Third, structural demand for dollars from Nigerian businesses, students abroad, diaspora remittance corridors, and healthcare tourism remains robust. The CBN's weekly FX sales data shows demand routinely exceeding supply at the official window, which keeps pressure on the parallel market rate. The gap between official and black market rates — which the CBN's 2023 unification was meant to close permanently — had reopened to approximately ₦60-80 per dollar by the first quarter of 2026.

For a fuller picture of how the official and parallel markets interact today, see our complete guide to the dollar-to-naira rate.

What Would Stabilise the Naira?

Three structural conditions, if achieved simultaneously, would materially alter the naira's trajectory. First, sustained crude oil production above 1.8 million barrels per day — the level the NUPRC has set as its medium-term target — would increase dollar inflows by an estimated $7-9 billion per year at current prices. The rehabilitation of NNPC's pipeline infrastructure and progress on the Ajaokuta-Kaduna-Kano gas pipeline corridor are preconditions for this.

Second, Dangote Refinery reaching its full nameplate capacity of 650,000 barrels per day and servicing Nigerian domestic demand would eliminate the country's largest single source of dollar import demand. As of the first half of 2026, the refinery was reportedly processing approximately 300,000-400,000 barrels per day and had begun exporting refined products, generating foreign exchange rather than consuming it — a structural reversal of the subsidy-era dynamic.
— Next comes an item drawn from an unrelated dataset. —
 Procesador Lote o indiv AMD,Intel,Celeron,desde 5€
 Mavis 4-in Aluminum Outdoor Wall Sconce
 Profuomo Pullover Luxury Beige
Third, non-oil export development. Nigeria's non-oil exports — agricultural commodities, solid minerals, creative and digital services — remain below 12% of total export earnings. The Federal Government's Renewed Hope Agenda has set targets for increasing cocoa, sesame, and cashew exports, but progress against those targets in verifiable NBS data remains modest.

The naira's trajectory will be determined by how quickly those three conditions materialise relative to the pace of dollar demand growth from a population that the NBS estimates at 223 million and growing at 2.4% per annum.


Regulatory note: This article is produced for editorial and informational purposes by The Cowrie, an independent Nigerian financial media publication. The Cowrie holds no financial services licence issued by the Central Bank of Nigeria (CBN), the Securities and Exchange Commission (SEC Nigeria), or the Federal Inland Revenue Service (FIRS), and nothing in this article constitutes financial or investment advice. CBN Circular FEF/DIR/CIR/GEN/08/009 governs the conduct of foreign exchange transactions in Nigeria; readers are advised to consult a licensed financial institution for any currency-related services.